Peter Kolba: Wenn unsere Gerichtsbarkeit unzumutbar wird …

10 Jahre Dauer – 10 Sachverständige am Werk

Wien (OTS) – Wenn der Sohn mit 21 Jahren in einem Krankenhaus verstirbt, ist das für die Mutter eine Katastrophe. Genau das ist Frau K. vor 10 Jahren passiert. Ihr Sohn war drogenabhängig, begab sich freiwillig in das Kaiser Franz Josef Spital zur Behandlung und verstarb dort trotz intensiver Behandlung. Die Todesursache blieb jahrelang strittig.

Zunächst stellte die Staatsanwaltschaft Wien ein strafrechtliches Ermittlungsverfahren ein, als zugezogene Sachverständige von einem Herzinfarkt ohne besonderen Auslöser ausgingen.

Fahrlässige Überdosierung

Die Mutter wollte dennoch Aufklärung und klagte den Spitalsträger – die Stadt Wien – auf Schadenersatz (Begräbniskosten und Schockschaden). Nach zehn Jahren und insgesamt zehn Sachverständigen steht rechtkräftig fest, dass ihr Sohn infolge der fahrlässigen Überdosierung von Substitol eine Atemlähmung erlitt und daraufhin der Hirntod eintrat.
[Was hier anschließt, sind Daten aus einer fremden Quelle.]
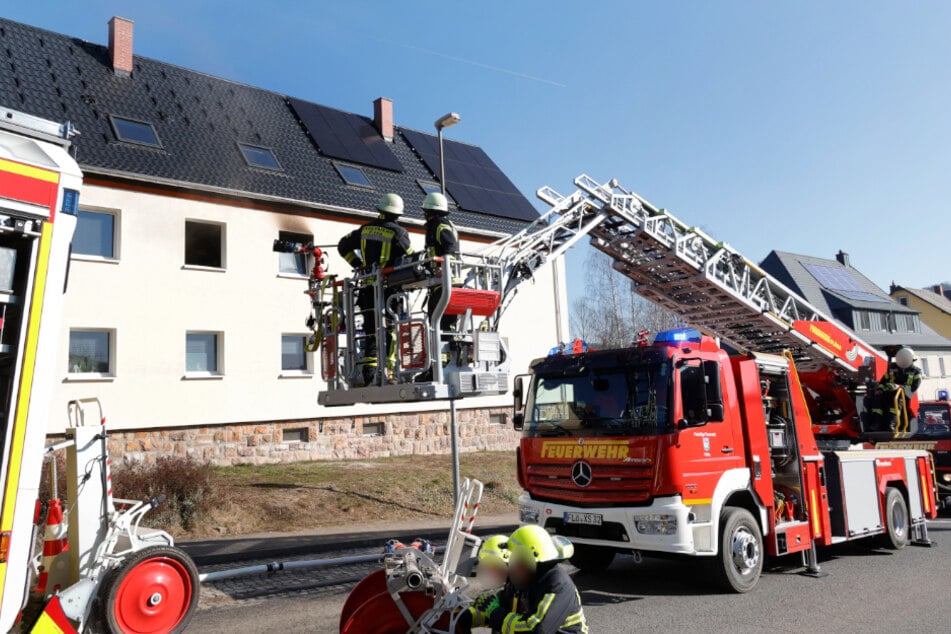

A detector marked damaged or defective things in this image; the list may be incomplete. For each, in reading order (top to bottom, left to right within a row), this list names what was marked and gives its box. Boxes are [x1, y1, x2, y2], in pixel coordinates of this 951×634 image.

Diese Abklärung verdankt die Mutter dem Oberlandesgericht Wien, das einen sehr kompetenten medizinischen Sachverständigen bestellte, der seine Vorgutachter zum Teil sehr deutlich kritisierte.

So hatte eine Neurologin „nach Rücksprache mit einem befreundeten Kardiologen“ sich zur Frage „Herzinfarkt“ gutachterlich vorgewagt, ein anderer Sachverständiger überschritt ebenfalls seine Fachzuständigkeit.

Auf hoher See und bei Gericht ist man in Gottes Hand

Ein Sachverständiger im Strafverfahren schloss aus dem Fehlen von Laborwerten in der Krankengeschichte (ein weiterer Kunstfehler der Spitalsärzte), dass keine Überdosierung vorliegen könne. Trotz Hinweisen in der Krankengeschichte stellte er auch keinen Atemstillstand fest. Der nächste Sachverständige ging in seinem Gutachten nicht auf fachlich empfohlene Mengen von Substitol und die besonderen Umstände (Gewöhnung an Opioide) ein. Ein weiterer Sachverständiger sah in einem Herzklappenfehler einen Grund für einen Herzinfarkt. Das schloss der Gutachter im Berufungsverfahren aus.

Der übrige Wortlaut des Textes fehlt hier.